A cloud gateway can be set up as a 1-node or a 3-node cluster. For production environments, it is recommended that three (3) nodes are set up. A cloud gateway can be initially set up with one (1) node and resized to three (3) nodes at a later time. The following steps need to be performed to resize a 1-node cloud gateway cluster to a 3-node gateway cluster:
- As a Tenant Administrator, navigate to the Private Cloud Gateway page under Settings.
- Invoke the resize action for the relevant cloud gateway instance.
- Update the size from one (1) to three (3).
- The gateway upgrade begins shortly after the update. Two new nodes are created on vSphere and the gateway is upgraded to a 3-node cluster.
Palette supports DHCP as well as Static IP based allocation strategies for the VMs that are launched during cluster creation. IP Pools can be defined, using a range or a subnet. Administrators can define one or more IP pools linked to a private cloud gateway.
Clusters created using a private cloud gateway can select from the IP pools linked to the corresponding private cloud gateway. By default, IP Pools are shared across multiple clusters, but can optionally be restricted to a cluster.
The following is a description of various IP Pool properties:
Property | Description |
---|---|
Name | Descriptive name for the IP Pool. This name will be displayed for IP Pool selection when static IP is chosen as the IP allocation strategy |
Network Type | Select Range to provide a start and an end IP address. IPs within this range will become part of this pool. Alternately select 'Subnet' to provide the IP range in CIDR format. |
Start | First IP address for a range based IP Pool E.g. 10.10.183.1 |
End | Last IP address for a range based IP Pool. E.g. 10.10.183.100 |
Subnet | CIDR to allocate a set of IP addresses for a subnet based IP Pool. E.g. 10.10.183.64/26 |
Subnet Prefix | Network subnet prefix. e.g. /18 |
Gateway | Network Gateway E.g. 10.128.1.1 |
Name server addresses | A comma-separated list of name servers. e.g., 8.8.8.8 |
Restrict to a Single Cluster | Select this option to reserve the pool for the first cluster that uses this pool. By default, IP pools can be shared across clusters. |
In addition to the default cloud account already associated with the private cloud gateway, new user cloud accounts can be created for the different vSphere users.
Property | Description |
---|---|
Account Name | Custom name for the cloud account |
Private cloud gateway | Reference to a running cloud gateway |
vCenter Server | IP or FQDN of the vCenter server |
Username | vCenter username |
Password | vCenter password |
The following steps need to be performed to provision a new VMware cluster:
- Provide the basic cluster information like Name, Description, and Tags. Tags are currently not propagated to the Virtual Machines (VMs) deployed on the cloud/Datacenter environments.

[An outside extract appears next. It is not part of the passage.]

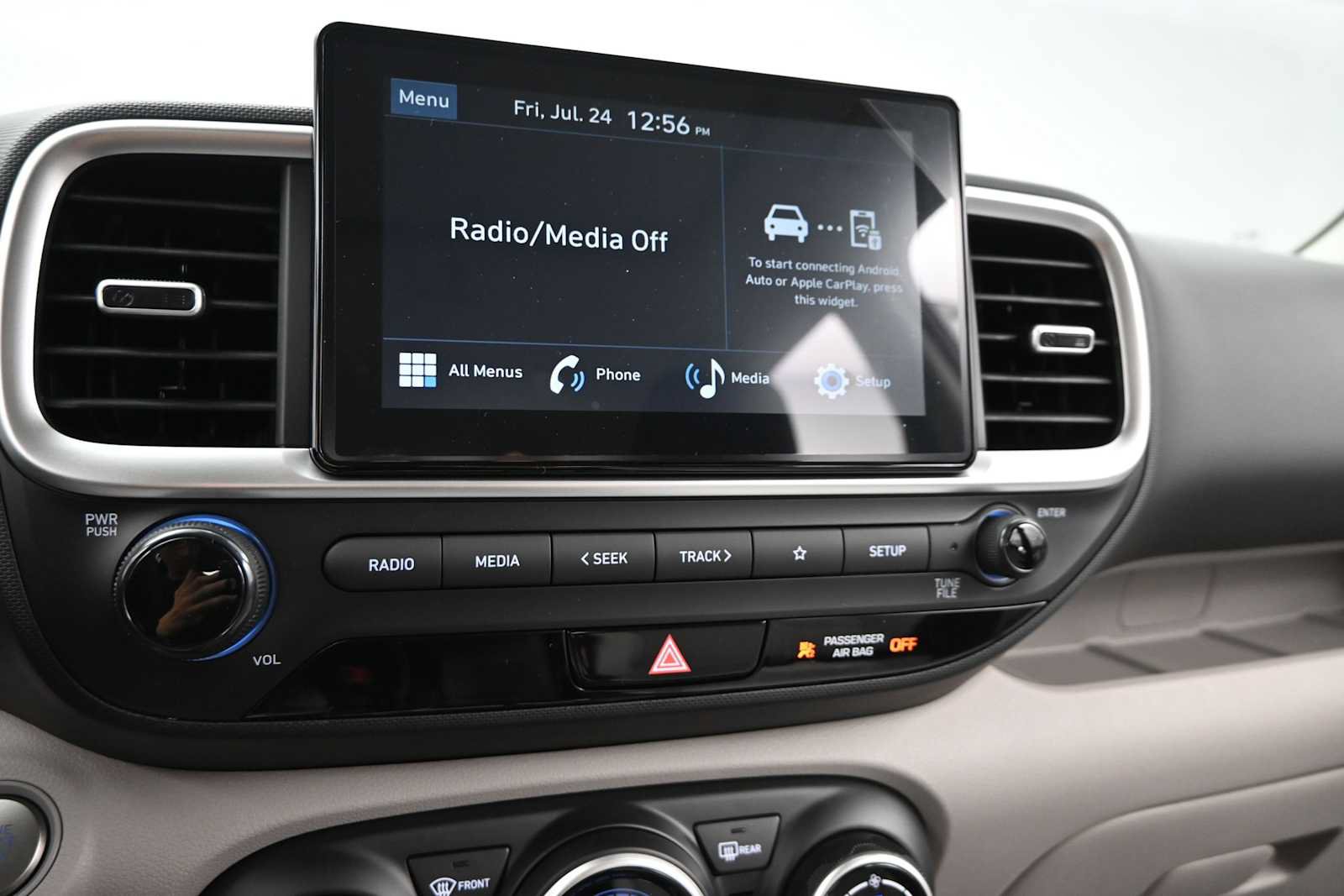 New 2026 Hyundai Venue SEL FWD image 19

- Select a Cluster Profile created for the VMware environment. The profile definition will be used as the cluster construction template.
- Review and override Pack Parameters as desired. By default, parameters for all Packs are set with values defined in the Cluster Profile.

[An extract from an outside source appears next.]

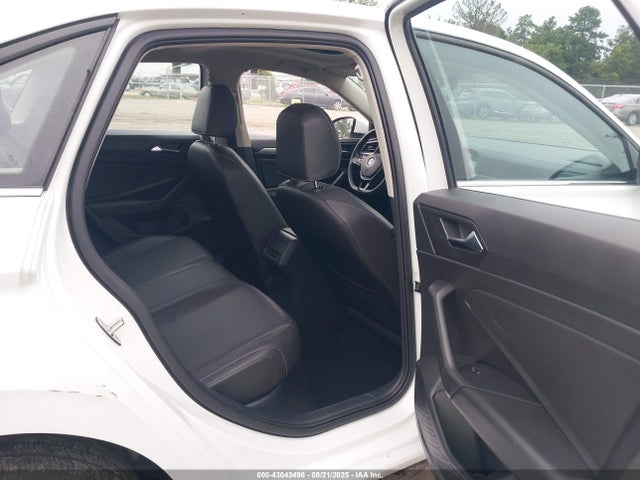 3VWC57BU1LM098803 Volkswagen 1.4 tsi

Provide a vSphere Cloud account and placement information.
Parameter Description Cloud Account Select the desired cloud account.

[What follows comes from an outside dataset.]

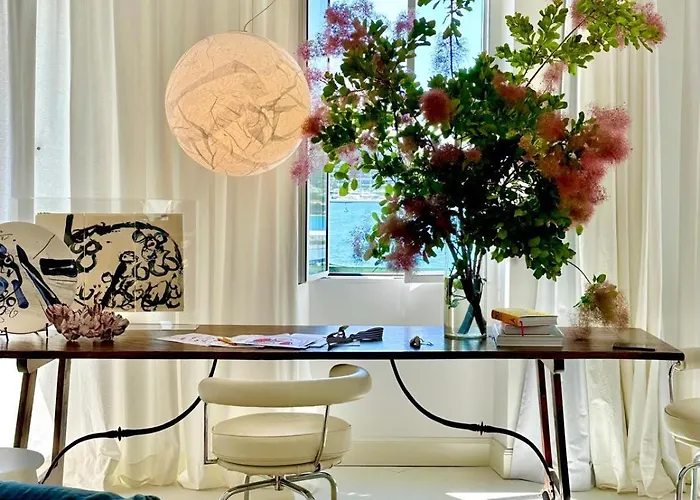 아파트 Apollo 로비니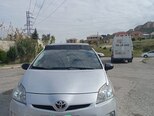 Toyota Prius-11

VMware cloud accounts with credentials need to be preconfigured
in the Project Settings section. An account is auto-created as
part of the cloud gateway setup and is available for
provisioning of Tenant Clusters if permitted by the administrator.Datacenter The vSphere Datacenter where the cluster nodes will be launched. Deployment Folder The vSphere VM Folder where the cluster nodes will be launched. Image Template Folder The vSphere folder to which the Spectro templates are imported. SSH Keys (Optional) Public key to configure remote SSH access to the nodes (User: spectro). NTP Server (Optional) Setup time synchronization for all the running nodes. IP Allocation strategy DHCP or Static IP Configure the master and worker node pools. Fill out the input fields in the Add node pool page. The following table contains an explanation of the available input parameters.
Parameter | Description |
---|---|
Name | A descriptive name for the node pool. |
Size | Number of VMs to be provisioned for the node pool. For the master pool, this number can be 1, 3, or 5. |
Allow worker capability | Select this option for allowing workloads to be provisioned on master nodes. |
Labels | Add a label to apply placement constraints on a pod, such as a node eligible for receiving the workload. |
Taints | To set toleration to pods and allow (but do not require) the pods to schedule onto nodes with matching taints. |
Instance type | Select the compute instance type to be used for all nodes in the node pool. |
Availability Zones | Choose one or more availability zones. Palette provides fault tolerance to guard against hardware failures, network failures, etc., by provisioning nodes across availability zones if multiple zones are selected. |
Disk Size | Give the required storage size |
Parameter | Description |
---|---|
Name | A descriptive name for the node pool. |
Enable Autoscaler | You can enable the autoscaler, by toggling the Enable Autoscaler button. Autoscaler scales up and down resources between the defined minimum and the maximum number of nodes to optimize resource utilization. |
Set the scaling limit by setting the Minimum Size and Maximum Size, as per the workload the number of nods will scale up from minimum set value to maximum set value and the scale down from maximum set value to minimum set value | |
Size | Number of VMs to be provisioned for the node pool. |
Rolling Update | Rolling update has two available options. Review the Update Parameter table below for more details. |
Labels | Add a label to apply placement constraints on a pod, such as a node eligible for receiving the workload. |
Taints | To set toleration to pods and allow (but do not require) the pods to schedule onto nodes with matching taints. |
Instance type | Select the compute instance type to be used for all nodes in the node pool. |
Availability Zones | Choose one or more availability zones. Palette provides fault tolerance to guard against hardware failures, network failures, etc., by provisioning nodes across availability zones if multiple zones are selected. |
Disk Size | Provide the required storage size |
- Review settings and deploy the cluster. Provisioning status with details of ongoing provisioning tasks is available to track progress.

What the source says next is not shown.